15. The non-transitory computer readable medium of claim 14, the instructions further comprising:
instructions for causing a visual indication of each health category in the set of health categories to be displayed on the graphical display.
16. A computer-implemented method comprising:
determining, based on received user health data, (i) a set of health categories and (ii) for each health category in the set of health categories, one or more respective health-category metrics corresponding to the health category;
selecting, based on the respective one or more health-category metrics corresponding to the health categories in the set of health categories, at least one health category for visual indication;
selecting, based on at least one of (i) the selected at least one health category and (ii) the respective one or more health-category metrics corresponding to the selected at least one health category, a visual indication of the selected at least one health category; and
causing the selected visual indication of the selected at least one health category to be displayed on a graphical display, wherein the visual indication of the selected at least one health category is displayed relative to a visual depiction of a human body.
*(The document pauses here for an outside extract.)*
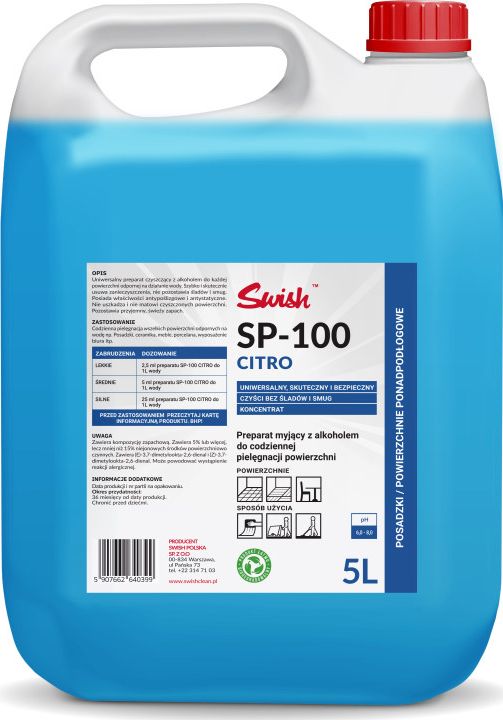 Swish Swish SP - 100 Citro Preparat z alkoholem do codziennej pielegnacji powierzchni, cytrusowy 5 l SWISH/SP100CITRO/5L (5907662640399) Sadzīves ķīmija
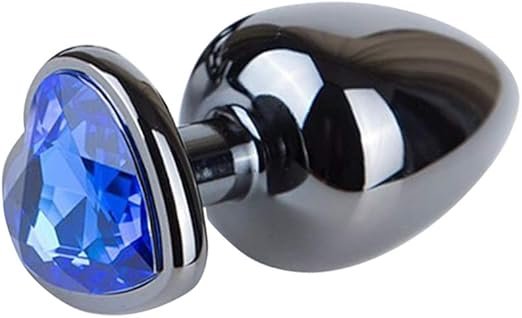 Chrome-Plated Steel Butt Plug with Heart-Shaped Blue Jewel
17. The computer-implemented method of claim 14, further comprising:
causing a visual indication of each health category in the set of health categories to be displayed on the graphical display.
18. A system comprising:
a processor;
a non-transitory computer readable medium; and
program instructions stored on the non-transitory computer readable medium and executable by the processor to:
receive test data indicating laboratory-test information corresponding to at least one patient-test date;
receive, via a user interface, (i) analysis-type data indicating an analysis type and (ii) patient-history data indicating a particular patient-test date;
determine a test result based on at least the (i) received test data, (ii) the analysis-type data, and (iii) the patient-history data; and
cause a visual depiction of the test result relative to a visual depiction of a human body to be displayed on a graphical display.
19. The system of claim 18, further comprising program instructions stored on the non-transitory computer readable medium and executable by the processor to:
determine, based on the received test data, (i) a set of health categories and (ii) for each health category in the set of health categories, one or more respective health-category metrics corresponding to the health category;
select, based on the respective one or more health-category metrics corresponding to the health categories in the set of health categories, at least one health category for visual indication;
select, based on at least one of (i) the selected at least one health category and (ii) the respective one or more health-category metrics corresponding to the selected at least one health category, a visual indication of the selected at least one health category; and
cause the selected visual indication of the selected at least one health category to be displayed on a graphical display, wherein the visual indication of the selected at least one health category is displayed relative to a visual depiction of a human body.
20. The system of claim 19, further comprising program instructions stored on the non-transitory computer readable medium and executable by the processor to:
cause a visual indication of each health category in the set of health categories to be displayed on the graphical display.